Organizacja Futuro Vegetal sprzeciwia się sposobowi zarządzania pożarami, które tego lata zniszczyły tysiące hektarów ziemi w Hiszpanii. Manifestanci zostali aresztowani, a następnie zwolnieni po wpłaceniu grzywny w wysokości 600 euro.
Dwóch aktywistów z organizacji Futuro Vegetal użyło czerwonej i czarnej farby w sprayu niszcząc słynny kościół Sagrada Familia w Barcelonie, w ramach protestu przeciwko brakowi skutecznych działań władz w zarządzaniu pożarami i kryzysem klimatycznym.
Organizacja sprzeciwia się sposobowi zarządzania pożarami, które tego lata zniszczyły tysiące hektarów ziemi w Hiszpanii.

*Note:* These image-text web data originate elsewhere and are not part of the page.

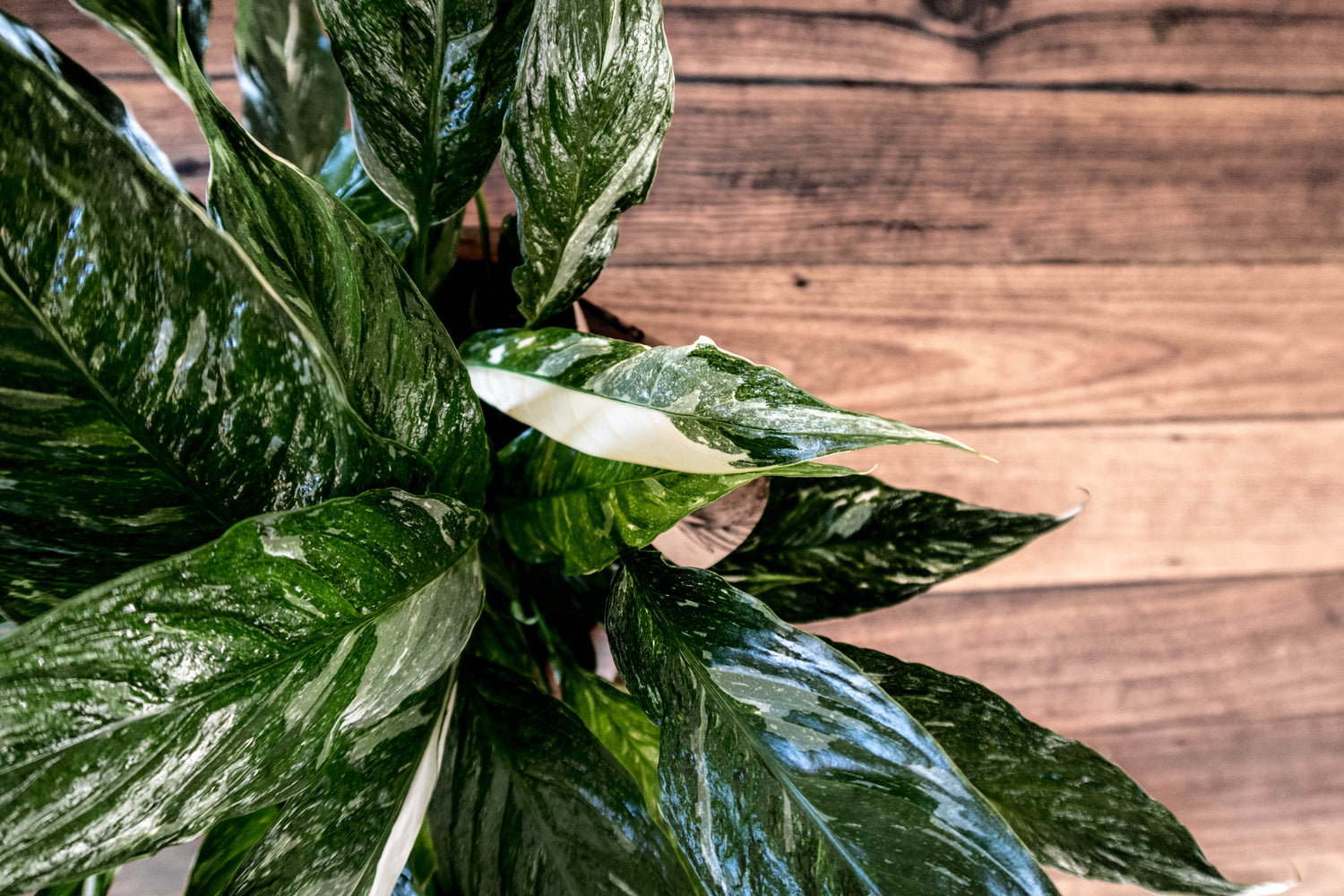 Variegated Peace Lily - Bosque 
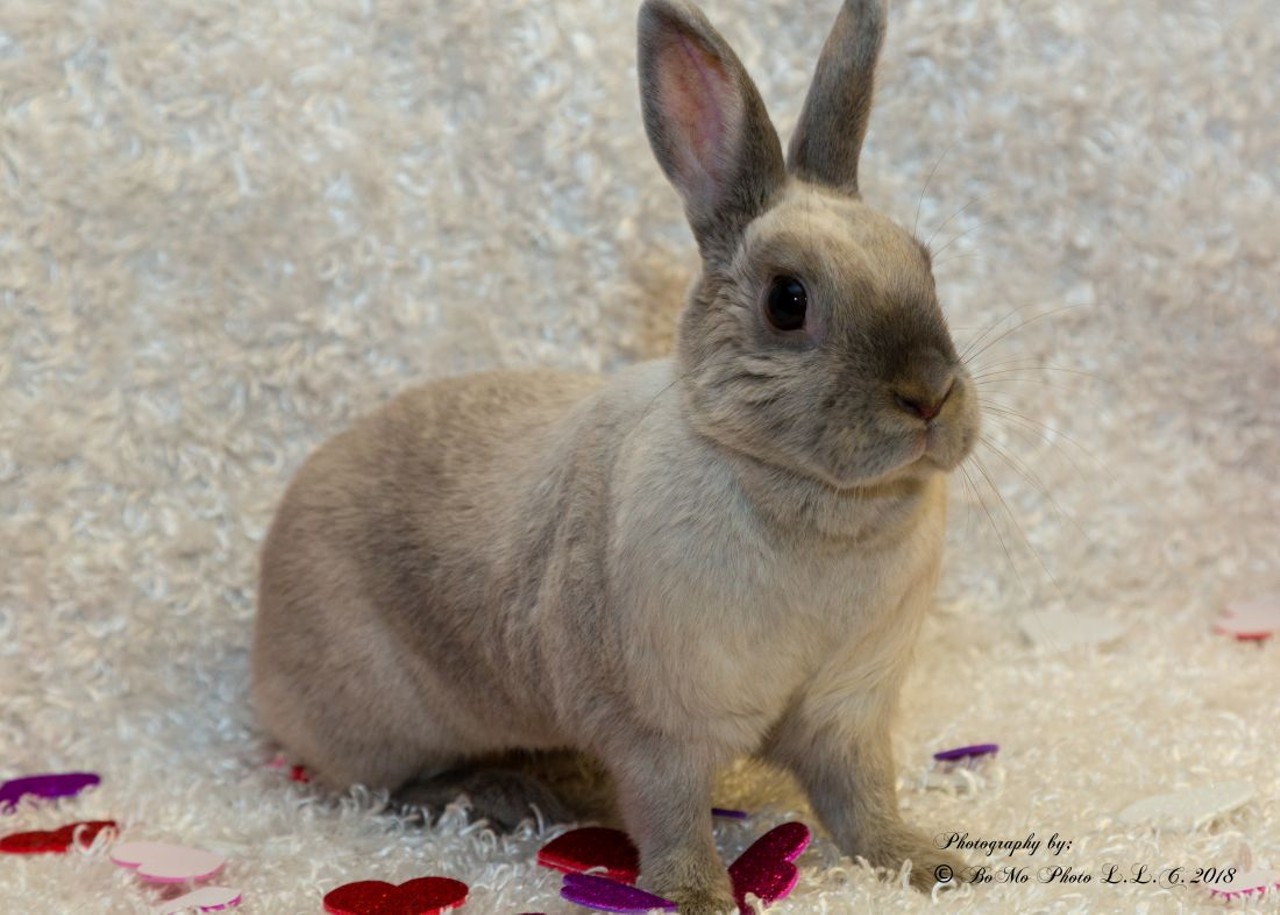 NAME: Regina
GENDER: Female
BREED: Netherland Dwarf
AGE: 3 years, 1 month
WEIGHT: 3 pounds
SPECIAL CONSIDERATIONS: None
REASON I CAME TO MHS: Owner surrender
LOCATION: Berman Center for Animal Care in Westland
ID NUMBER: 862398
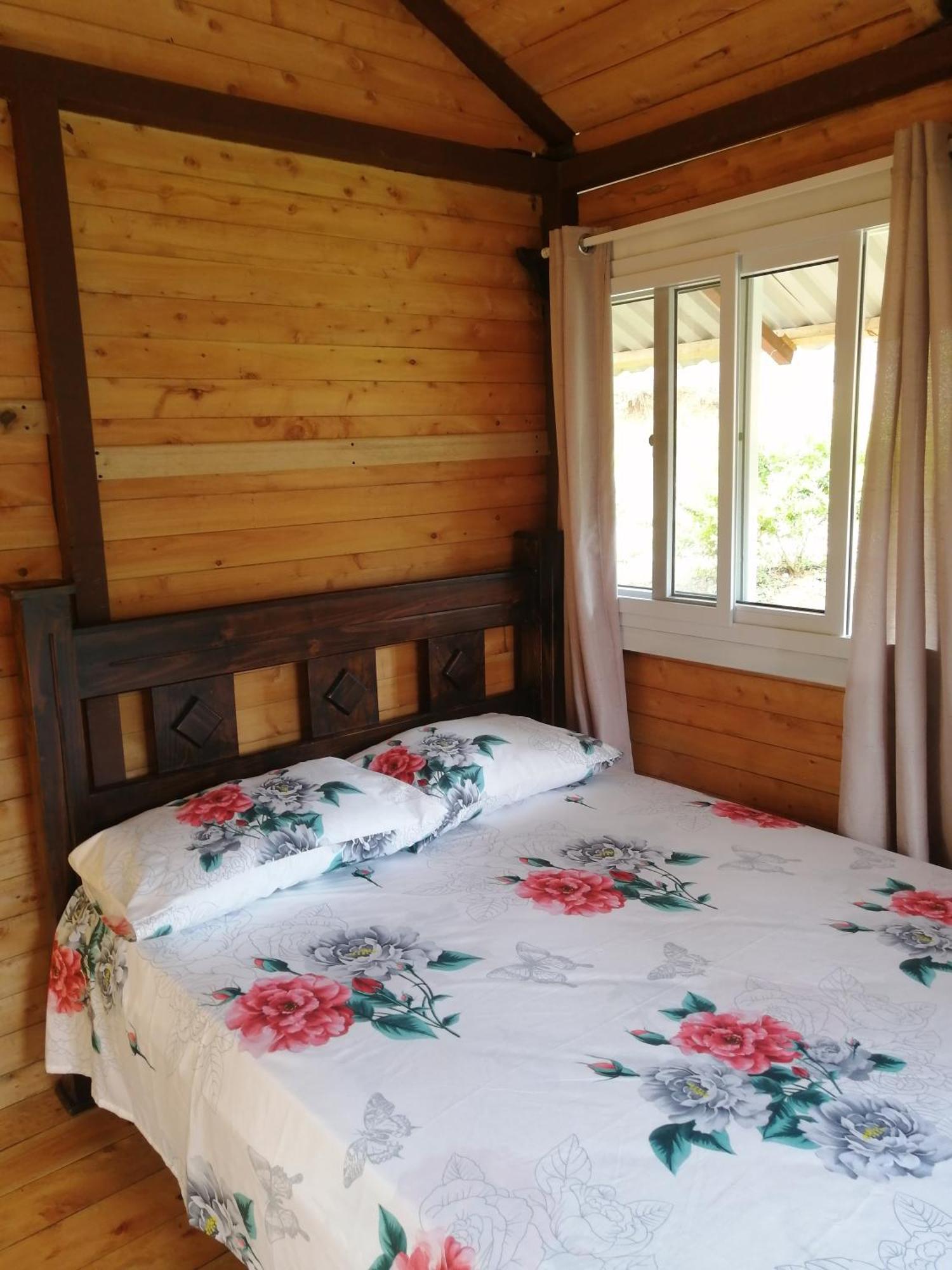 Mario'S Lodge Providencia Copey Eksteriør billede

Manifestanci zostali aresztowani, a następnie zwolnieni po wpłaceniu grzywny w wysokości 600 euro.
Futuro Vegetal wyjaśnia, że ich akcja ma na celu potępienie "współudziału różnych rządów w pożarach, które tego lata zniszczyły Półwysep". Organizacja krytykuje również "brak działań rządu wobec kryzysu klimatycznego oraz wpływ tego kryzysu na pożary, które pustoszyły Półwysep i dużą część Europy".
Luna Lagos, rzeczniczka organizacji, wyraziła ubolewanie, że "politycy, bankierzy i dyrektorzy wielkich korporacji dalej stawiają na szali nasze życie, by pomnożyć swoje zyski". Organizacja obwinia również przemysł hodowlany o bycie pośrednią przyczyną około 70 procent pożarów lasów.
"Rządy wolą wydawać publiczne pieniądze na gospodarstwa, zamiast chronić ludzi, którzy stracili swoje domy" – twierdzi Futuro Vegetal. "Dotują ekobójcze branże z naszych podatków, jednocześnie skazując na niepewność pracownice kluczowe, takie jak strażaczki czy pracownice służby zdrowia" – czytamy w oświadczeniu.